Me dio tiempo de espiar como una alcahueta al público porque antes de comer tomé una caña en la barra, dispuesta con gracia como si fuera el mostrador de un antiguo colmado. Una pizarra en un tramo de pared anuncia las raciones más proclives al vermú. Una mesa central esconde la caja registradora tras una báscula antigua y unas cajas de fruta, y sirve, en un agradable desorden, para almacenar las aceitunas, partir el pan y para colocar los vasos y las copas que se van despachando sin cesar, camino de las terrazas, del comedor, de los círculos de gente charlando. Al fondo de la barra se ve la cocina, abierta, llena de plantas, con los cocineros trajinando y enlucida con un azulejo blanco también de inspiración añeja que consigue transmitir la confianza de que allí vas a comer bien. Y si dudas, la sonrisa de la antedicha camarera te reconduce al ensueño.

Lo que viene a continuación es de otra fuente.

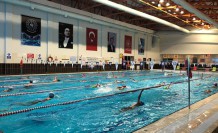 Kifoz-Skolyoz Hastası çocuklara yönelik yüzme eğitim çalışmaları başlıyor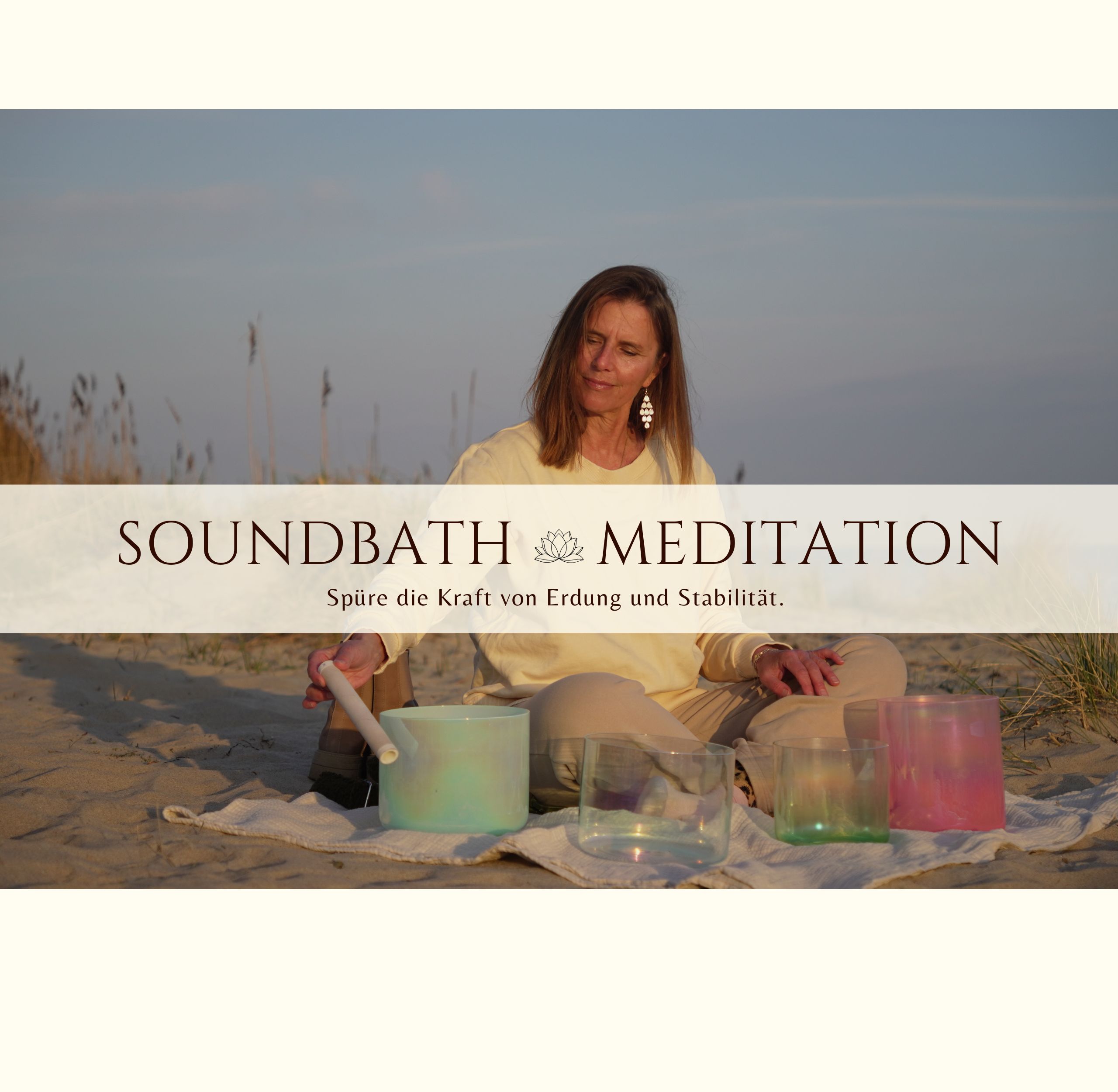 Soundbath & Meditation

Ya en la mesa, y antes de siquiera de encargar la comanda, descubres dos detalles que por sí mismos distinguen a cualquier restaurante: el pan, variado y delicioso, y el agua, gratuita porque es del grifo pero presentada en una botella de cristal de tapón basculante, del modelo habitual que se utilizaba para las gaseosas en el siglo anterior. La carta prioriza el picoteo -llamativo-, ofrece media docena larga de ensaladas, otro tantos platos de carne, añade una competente carta de vinos y otra amplia de cafés, tés e infusiones, y se completa con pescados, setas y otros productos de temporada de los que te informa directamente el camarero. Yo fui con un amigo y elegimos, para compartir, risotto de txangurro (fuera de carta); ceviche de lubina con vinagreta de pulpo y cebolla roja; hamburguesa de rabo de toro y foie; y tarta sacher.

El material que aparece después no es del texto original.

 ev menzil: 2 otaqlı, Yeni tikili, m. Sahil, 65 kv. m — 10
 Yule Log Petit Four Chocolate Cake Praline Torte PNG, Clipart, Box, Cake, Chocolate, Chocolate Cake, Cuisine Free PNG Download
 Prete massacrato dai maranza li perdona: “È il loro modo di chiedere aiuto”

Todo estaba rico. El risotto quizá sabía más a parmesano que a txangurro; el ceviche estaba perfectamente marinado, aunque el corte del pez era un pelín correoso; la hamburguesa empezaba con fuerza y llevaba una mostaza estupenda, aunque la mezcla de una carne grasa con el foie te recargaba un poco los mordiscos. La tarta cumplió su función. Por supuesto, los cuatro platos llegaron a la mesa presentados con una gracia indiscutible. Cuando pedimos la nota, y contando que además habíamos tomado dos cañas, dos copas de vino y dos tés, los 48 euros que abonamos mejoraron el conjunto y auparon el veredicto final. Merece la pena ir, porque todo en La Bicicleta es bonito. Como en las buenas discotecas, aunque no ligues ni te enamores, sales con la sensación de que allí siempre podrás mojar. O dicho de otra forma: sales encantado.
La Bicicleta.La Plaza, 12. Hoznayo-Cantabria. Teléfono 942 524 538. De martes a domingo, de 12.30 a 1.30. Precio medio: 20-25 euros.